* [ASSIGNMENT]: Every line from the one holding "Person wearing an" to the end of the entries should be repeated exactly, with the pictures left out.
>>>
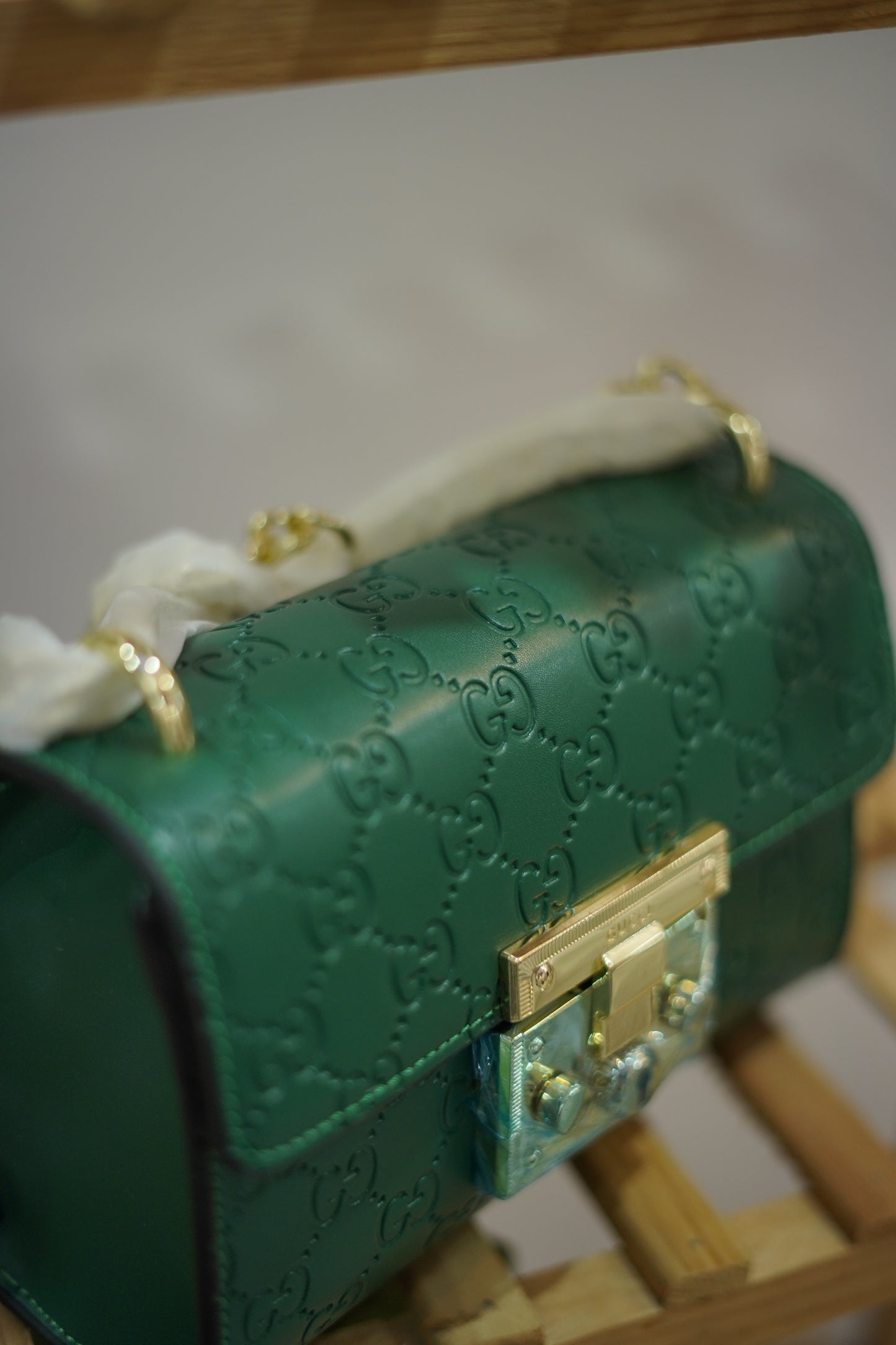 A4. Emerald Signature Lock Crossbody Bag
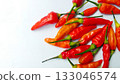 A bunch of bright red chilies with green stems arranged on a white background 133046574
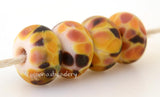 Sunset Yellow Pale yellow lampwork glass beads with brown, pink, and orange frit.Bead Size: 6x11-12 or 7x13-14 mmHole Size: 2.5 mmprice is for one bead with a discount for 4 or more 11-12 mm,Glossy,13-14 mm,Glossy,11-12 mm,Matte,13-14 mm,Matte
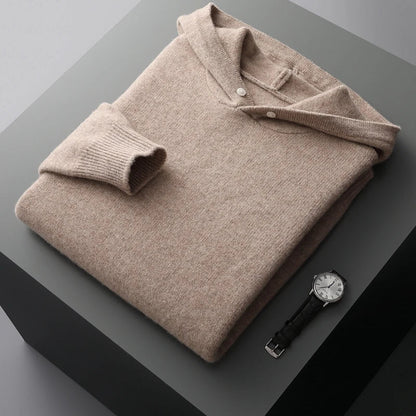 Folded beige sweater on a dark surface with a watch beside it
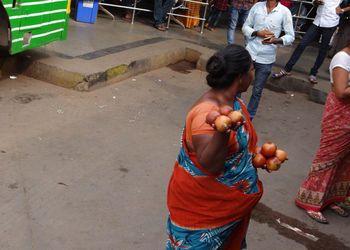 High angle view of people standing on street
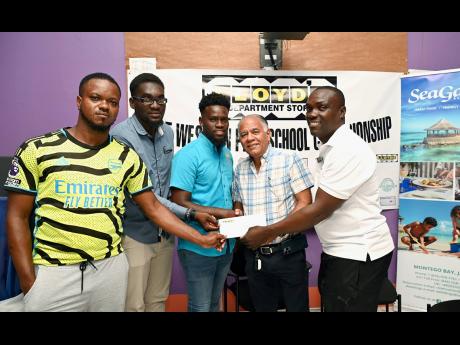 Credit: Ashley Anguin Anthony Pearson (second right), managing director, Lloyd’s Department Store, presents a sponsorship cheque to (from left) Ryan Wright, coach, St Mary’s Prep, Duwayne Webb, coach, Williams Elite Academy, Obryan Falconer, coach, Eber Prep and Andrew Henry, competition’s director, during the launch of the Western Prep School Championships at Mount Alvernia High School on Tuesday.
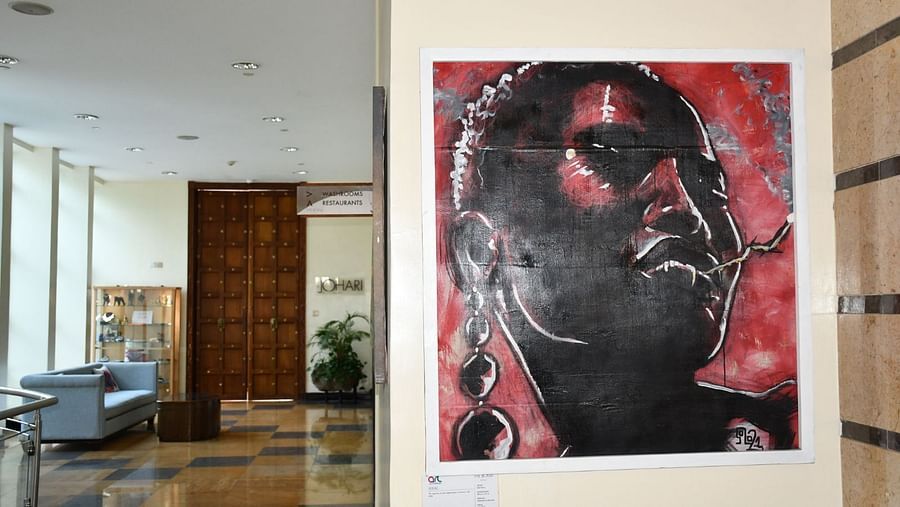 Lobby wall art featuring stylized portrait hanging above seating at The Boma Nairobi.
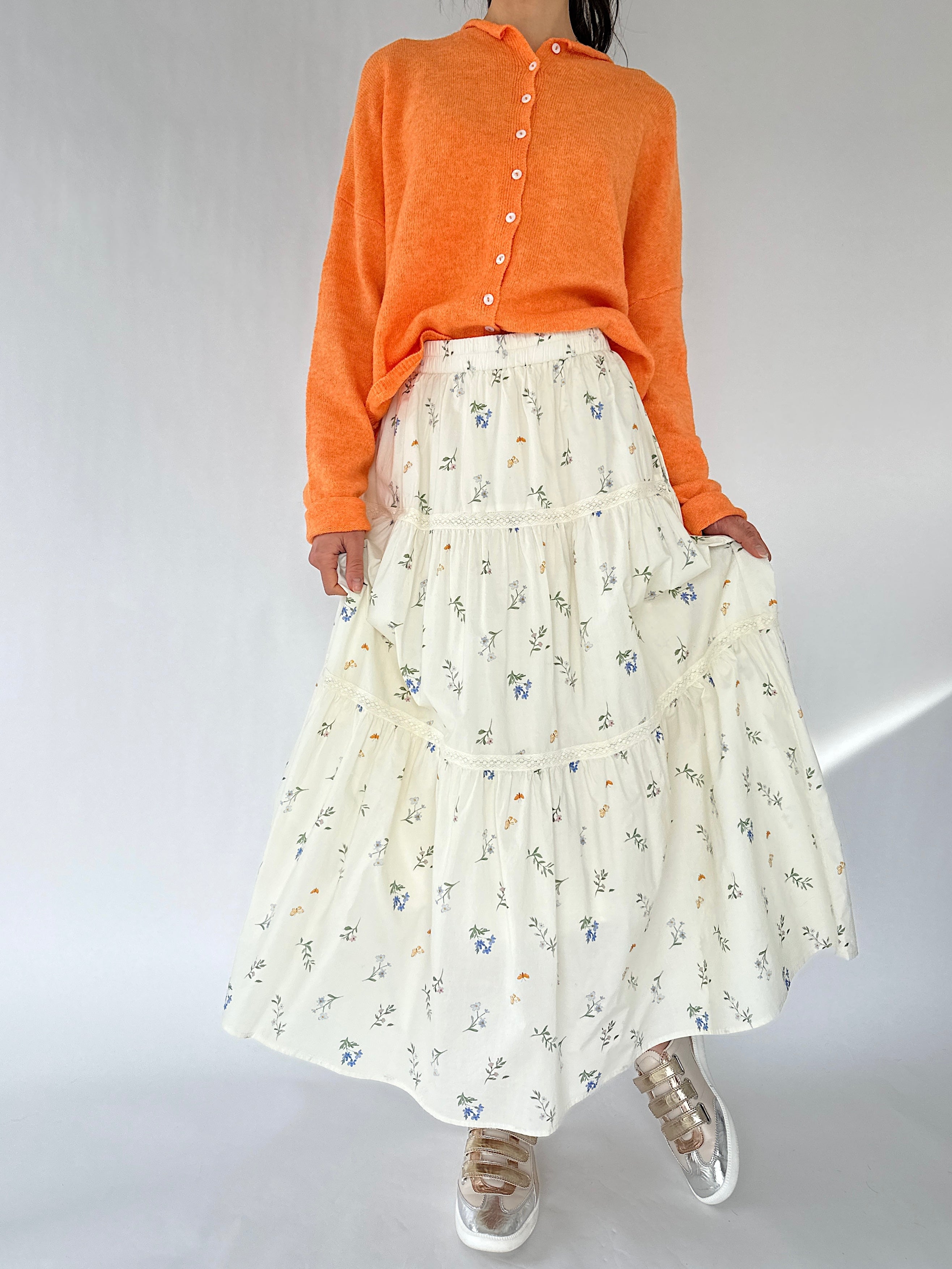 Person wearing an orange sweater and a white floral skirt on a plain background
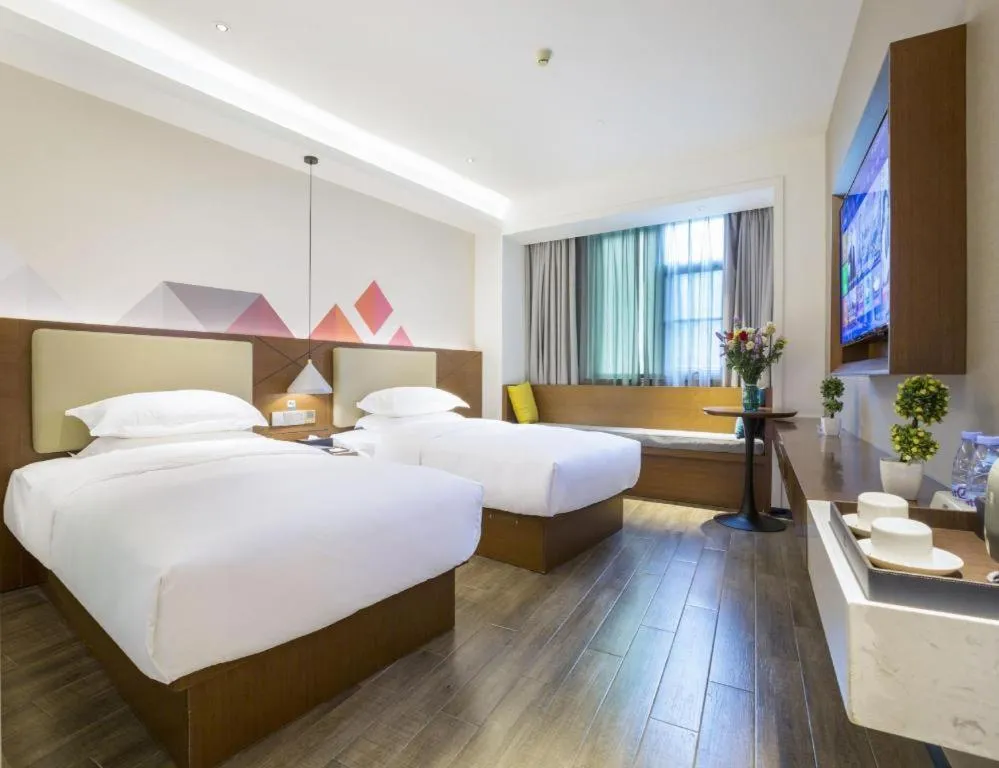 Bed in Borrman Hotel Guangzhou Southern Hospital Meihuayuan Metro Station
<<<
* [EXERCISE ANSWER]:
 Person wearing an orange sweater and a white floral skirt on a plain background
 Bed in Borrman Hotel Guangzhou Southern Hospital Meihuayuan Metro Station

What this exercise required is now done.